-- What is being asked --
Where a picture appears, leave it out, and transcribe all the lines below exactly.

-- Records supplied --
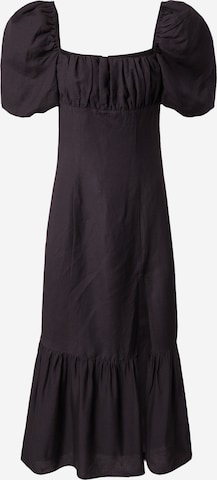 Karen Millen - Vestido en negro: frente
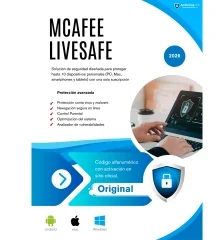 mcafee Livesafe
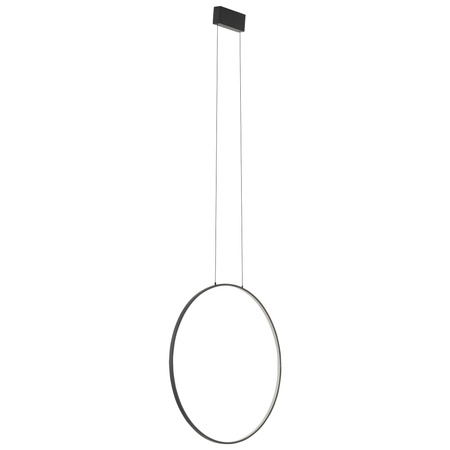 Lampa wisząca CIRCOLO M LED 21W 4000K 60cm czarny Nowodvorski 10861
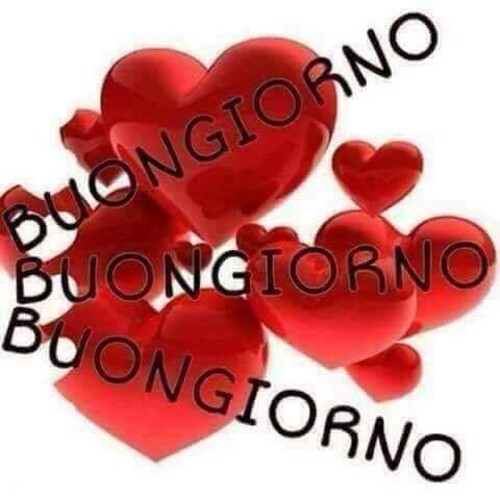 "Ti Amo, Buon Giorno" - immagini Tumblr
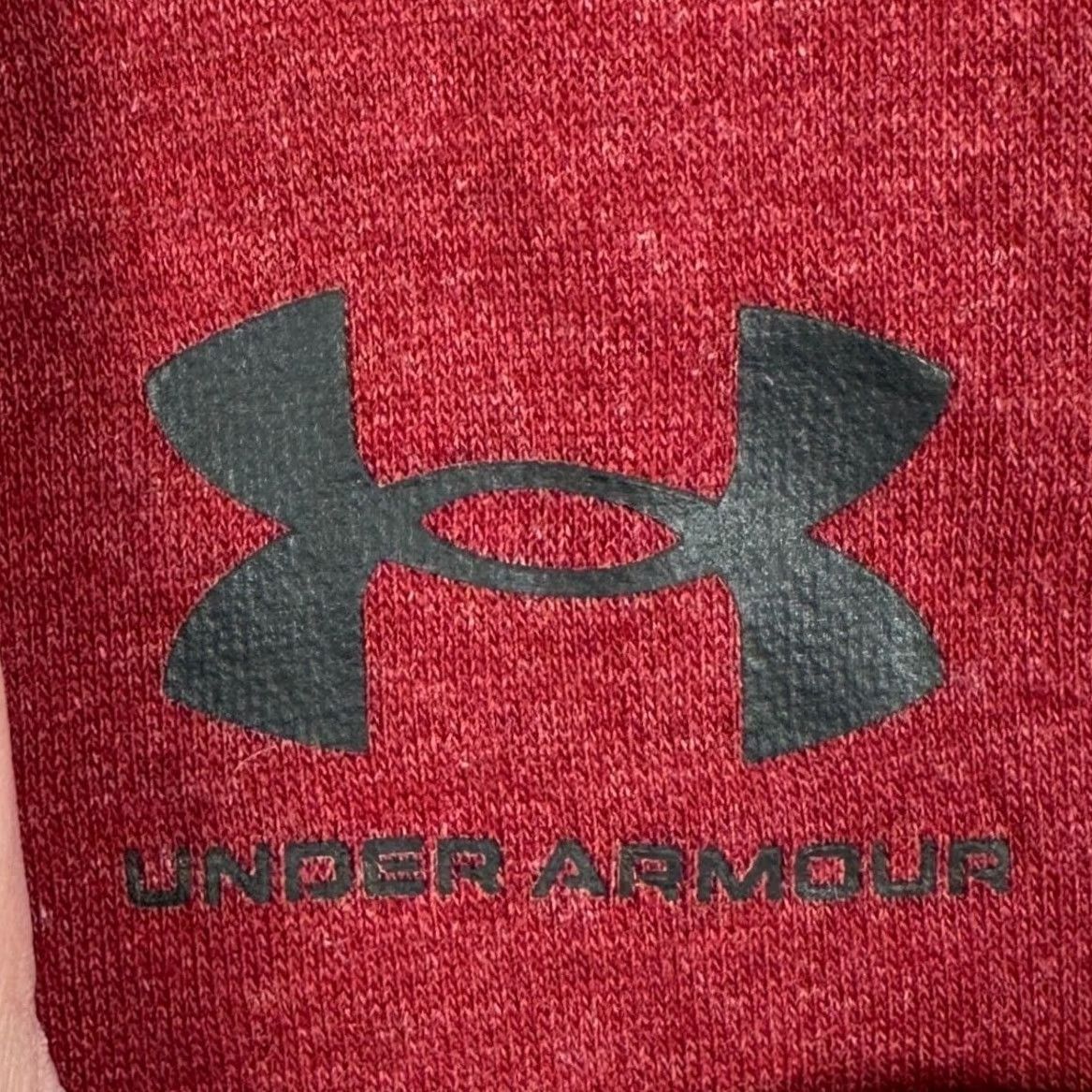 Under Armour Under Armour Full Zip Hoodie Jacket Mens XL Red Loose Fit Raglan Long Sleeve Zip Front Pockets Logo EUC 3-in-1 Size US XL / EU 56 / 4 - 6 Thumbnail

-- Result for this exercise --
 Karen Millen - Vestido en negro: frente
 mcafee Livesafe
 Lampa wisząca CIRCOLO M LED 21W 4000K 60cm czarny Nowodvorski 10861
 "Ti Amo, Buon Giorno" - immagini Tumblr
 Under Armour Under Armour Full Zip Hoodie Jacket Mens XL Red Loose Fit Raglan Long Sleeve Zip Front Pockets Logo EUC 3-in-1 Size US XL / EU 56 / 4 - 6 Thumbnail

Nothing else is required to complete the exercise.